_Task instructions_. Will you output all of the data below exactly, omitting the images?
++++
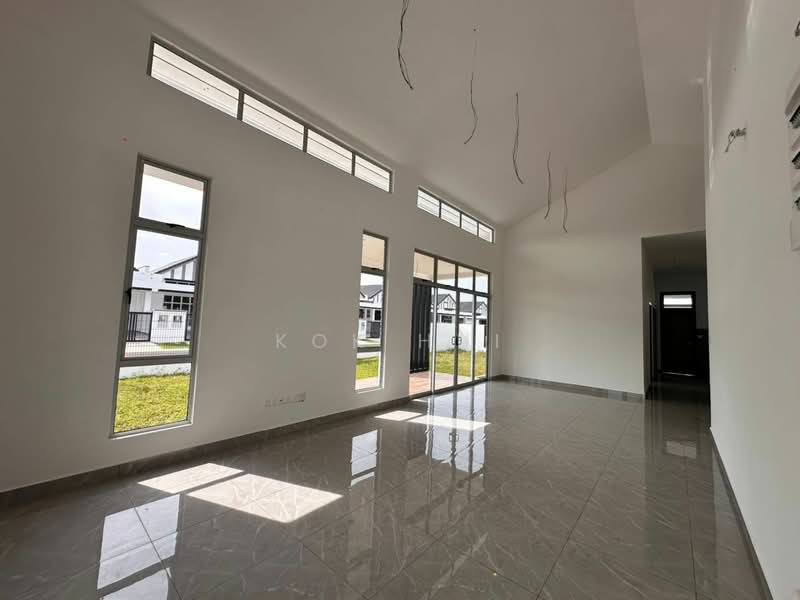 1-storey Terraced House for Sale in Taman Impian Emas (Skudai) - Kok Hui - Living Room - PropertyGuru.com.my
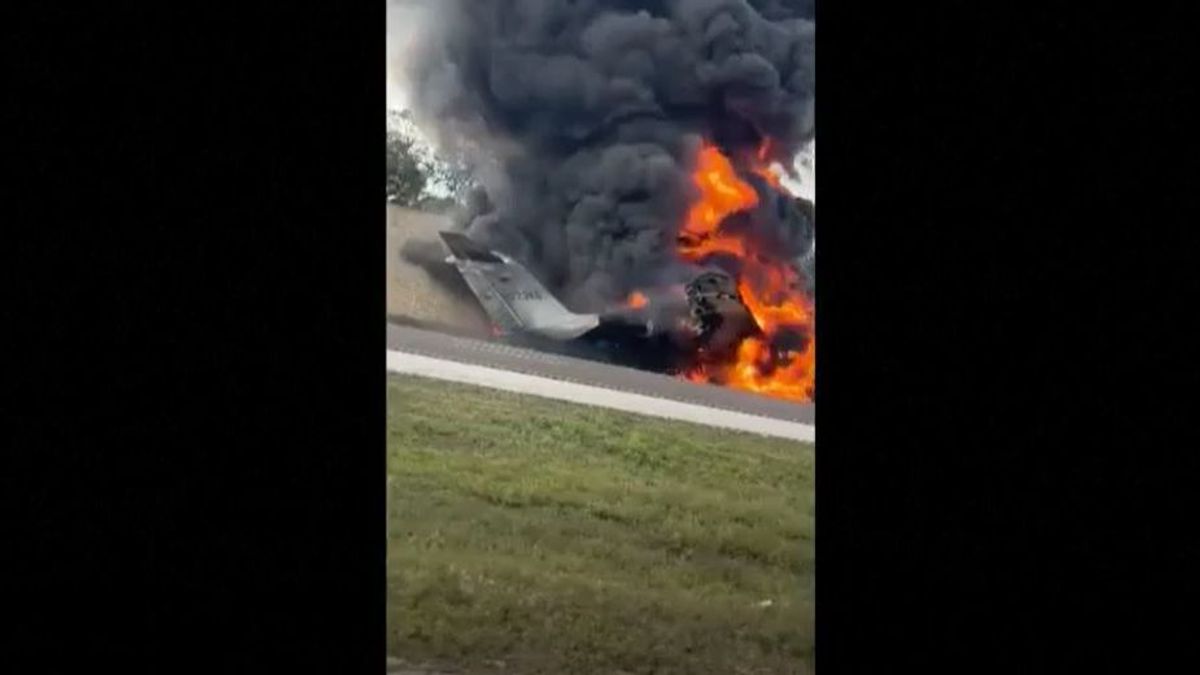 Dos muertos tras estrellarse una avioneta contra un coche en Florida
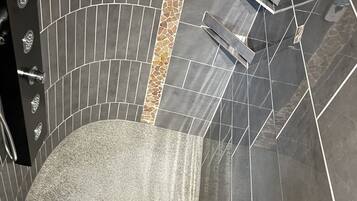 SĂšche-cheveux, serviettes fournies, savon, papier toilette
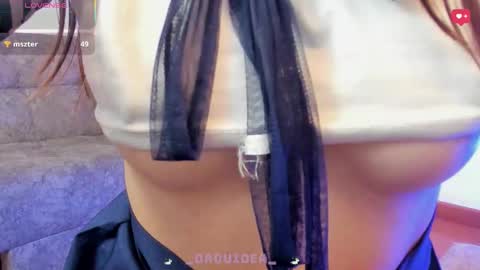 Orquidea  online show from March 4, 2026, 2:01 pm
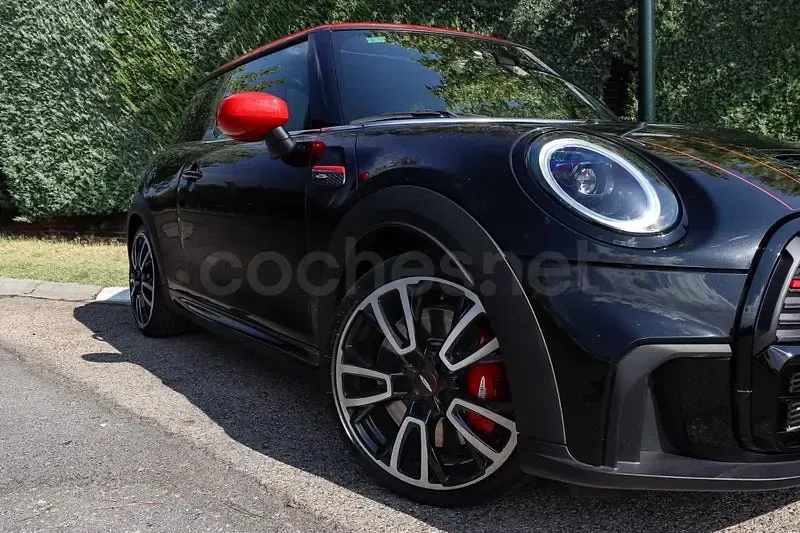 Usado Mini John Cooper Works 231 CV (169 kW) 2022 Negro Utilitario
++++
_Answer for the task_.
 1-storey Terraced House for Sale in Taman Impian Emas (Skudai) - Kok Hui - Living Room - PropertyGuru.com.my
 Dos muertos tras estrellarse una avioneta contra un coche en Florida
 SĂšche-cheveux, serviettes fournies, savon, papier toilette
 Orquidea  online show from March 4, 2026, 2:01 pm
 Usado Mini John Cooper Works 231 CV (169 kW) 2022 Negro Utilitario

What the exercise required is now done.